» **EXERCISE BRIEF**: Images do not belong in the copy. Set down all the entries exactly.

(Short text fragments from websites)
-.-.-

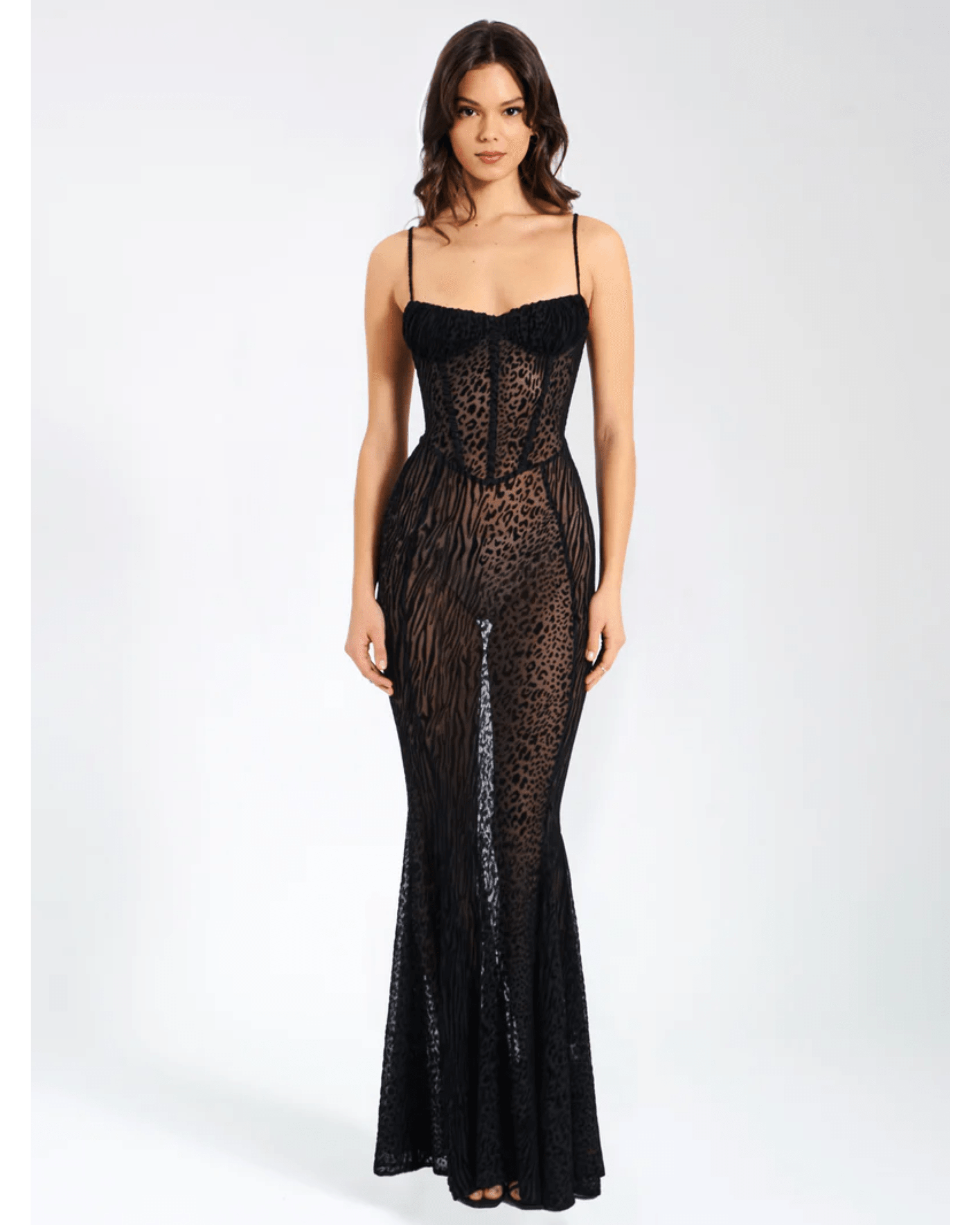 Ulani Burnout Velvet Detail Mesh Maxi Dress - Endless - UAE Rental and Resale for Women's Fashion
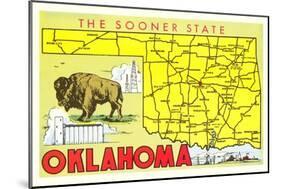 The Sooner State, Oklahoma, Map-null-Mounted Art Print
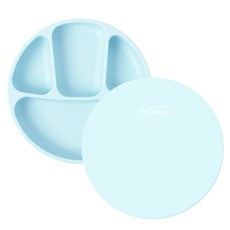 Agafura 嬰兒矽膠可愛盤 + 蓋子套裝, 天藍色, 盤子+蓋子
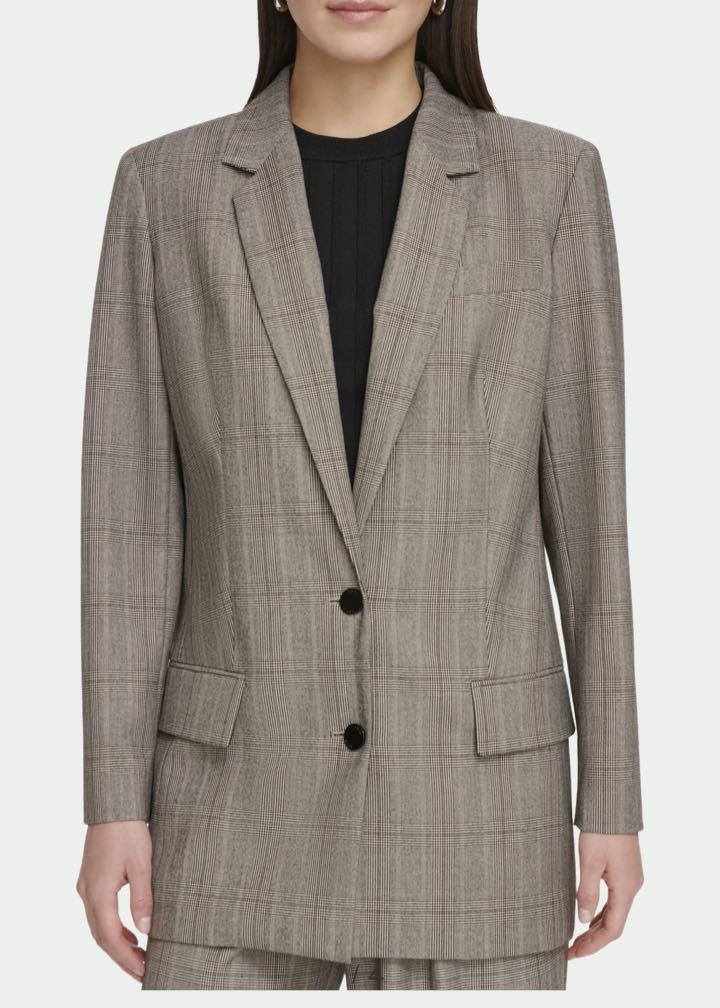 Plaid Two-Button Blazer by DKNY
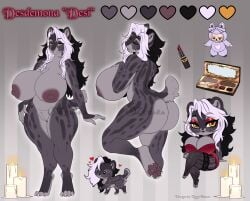 anthro belly big_belly big_breasts black_hair breasts candle clothed clothing desdemona_(zenaita) eyelashes fangs felid female female_anthro fur furry genitals grey_body grey_fur hair hi_res huge_breasts humanoid_genitalia humanoid_vulva looking_at_viewer mammal model_sheet mouth_closed narrowed_eyes nude orange_eyes pussy red_clothing red_topwear solo standing teeth tiggybloom topwear vulva white_hair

-.-.-

» **ANSWER BOX**:
 Ulani Burnout Velvet Detail Mesh Maxi Dress - Endless - UAE Rental and Resale for Women's Fashion
 The Sooner State, Oklahoma, Map-null-Mounted Art Print
 Agafura 嬰兒矽膠可愛盤 + 蓋子套裝, 天藍色, 盤子+蓋子
 Plaid Two-Button Blazer by DKNY
 anthro belly big_belly big_breasts black_hair breasts candle clothed clothing desdemona_(zenaita) eyelashes fangs felid female female_anthro fur furry genitals grey_body grey_fur hair hi_res huge_breasts humanoid_genitalia humanoid_vulva looking_at_viewer mammal model_sheet mouth_closed narrowed_eyes nude orange_eyes pussy red_clothing red_topwear solo standing teeth tiggybloom topwear vulva white_hair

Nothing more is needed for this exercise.